TASK STATEMENT :: Could you copy exactly the lines below from the one with "Free Calligraphy Practice Sheets" to the one with "Men's Solid Colour", inclusive, leaving out any pictures?

Source data

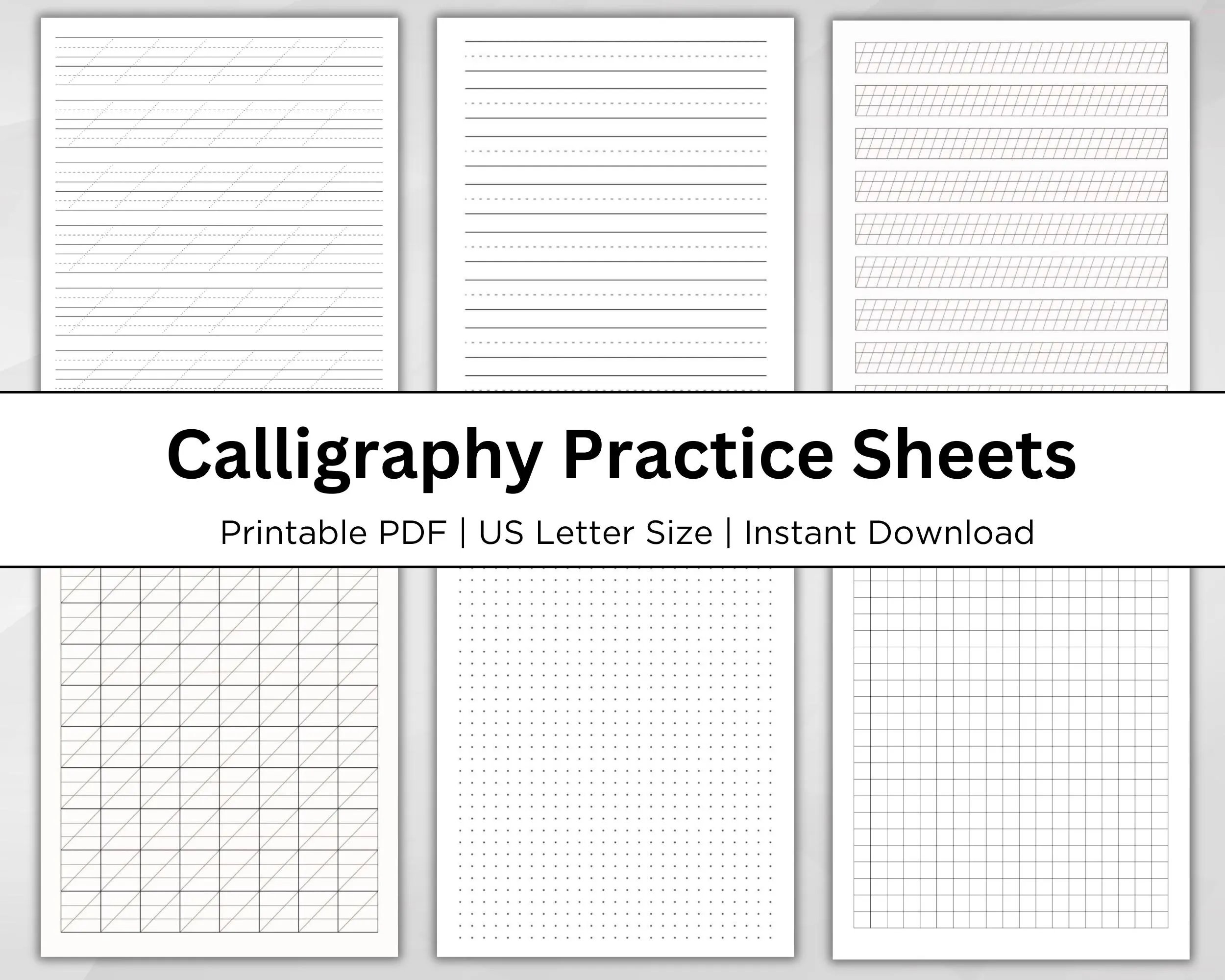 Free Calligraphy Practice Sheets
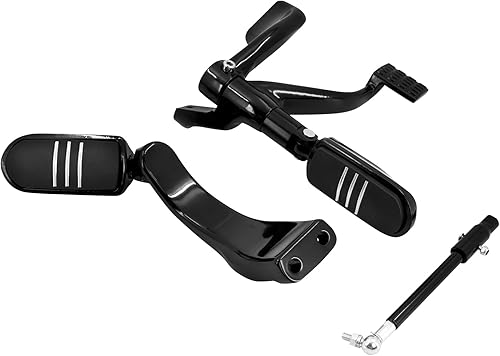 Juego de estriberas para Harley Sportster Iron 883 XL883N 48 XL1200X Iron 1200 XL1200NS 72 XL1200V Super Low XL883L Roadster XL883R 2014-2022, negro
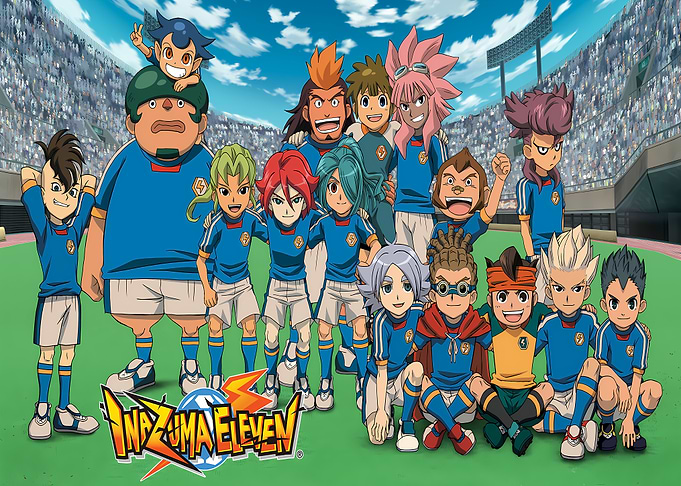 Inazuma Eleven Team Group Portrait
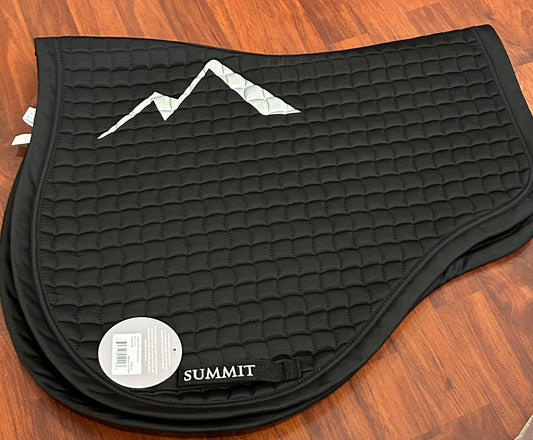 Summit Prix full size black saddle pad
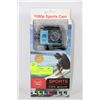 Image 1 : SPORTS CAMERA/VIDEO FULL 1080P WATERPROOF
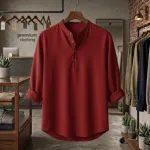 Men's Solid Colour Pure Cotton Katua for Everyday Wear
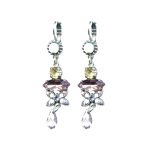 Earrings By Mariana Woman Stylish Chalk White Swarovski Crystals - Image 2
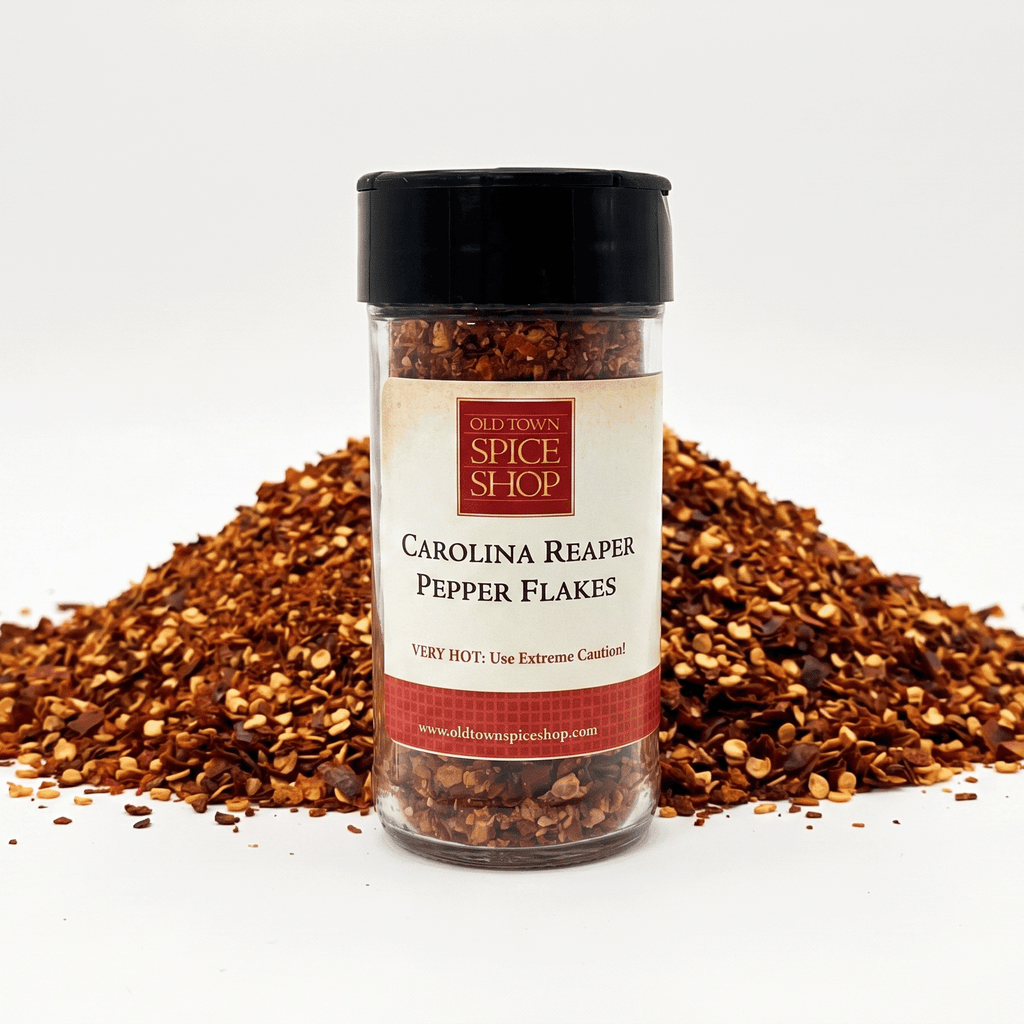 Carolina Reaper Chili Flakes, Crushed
==
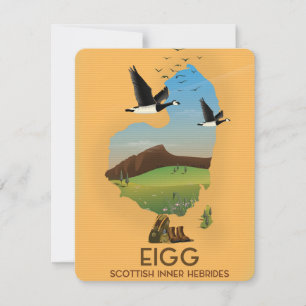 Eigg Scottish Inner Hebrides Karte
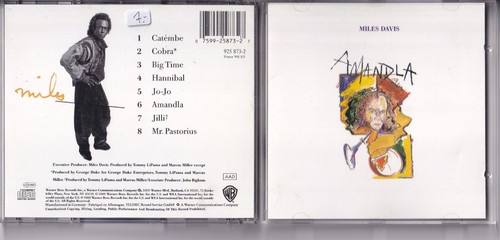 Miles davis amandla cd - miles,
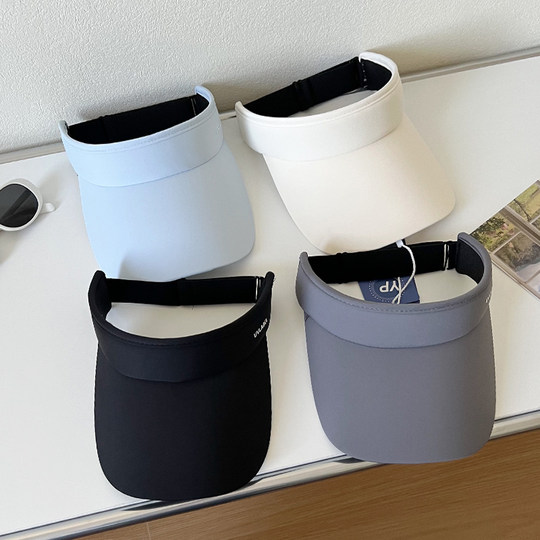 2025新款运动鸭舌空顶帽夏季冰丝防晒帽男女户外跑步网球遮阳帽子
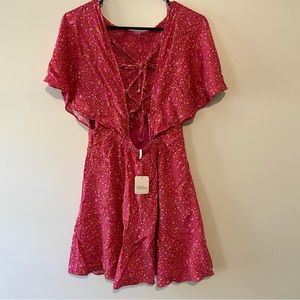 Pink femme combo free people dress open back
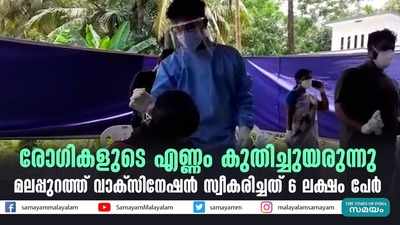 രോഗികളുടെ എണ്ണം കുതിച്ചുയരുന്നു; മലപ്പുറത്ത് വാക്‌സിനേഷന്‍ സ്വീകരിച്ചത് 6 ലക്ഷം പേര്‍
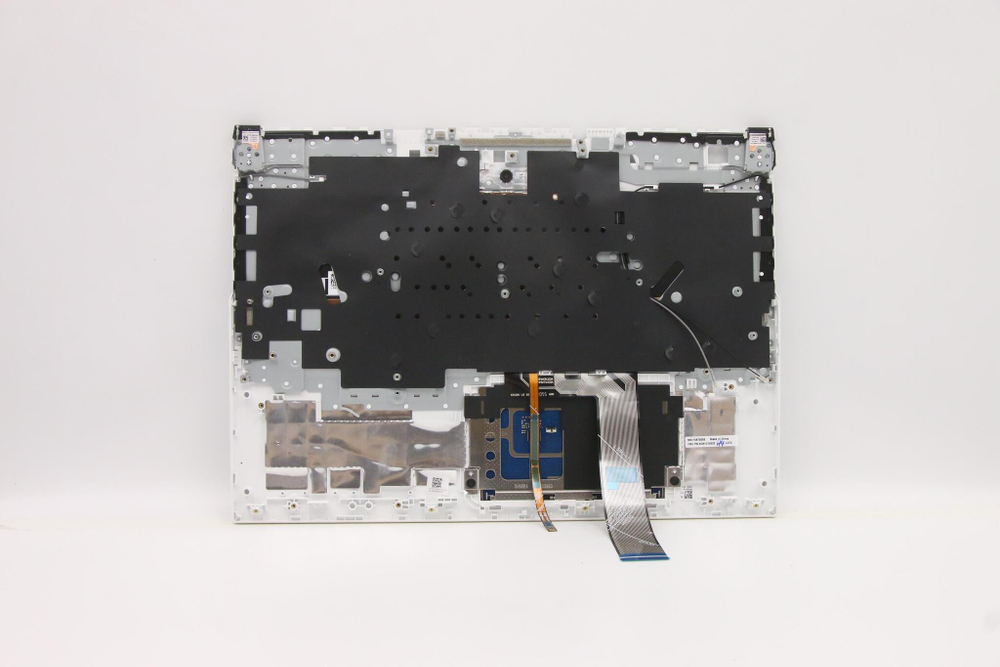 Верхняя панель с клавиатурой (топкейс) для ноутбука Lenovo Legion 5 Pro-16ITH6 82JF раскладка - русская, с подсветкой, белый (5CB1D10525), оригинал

REPLY TO THE EXERCISE ::
 Free Calligraphy Practice Sheets
 Juego de estriberas para Harley Sportster Iron 883 XL883N 48 XL1200X Iron 1200 XL1200NS 72 XL1200V Super Low XL883L Roadster XL883R 2014-2022, negro
 Inazuma Eleven Team Group Portrait
 Summit Prix full size black saddle pad
 Image 1 : SPORTS CAMERA/VIDEO FULL 1080P WATERPROOF
 Men's Solid Colour Pure Cotton Katua for Everyday Wear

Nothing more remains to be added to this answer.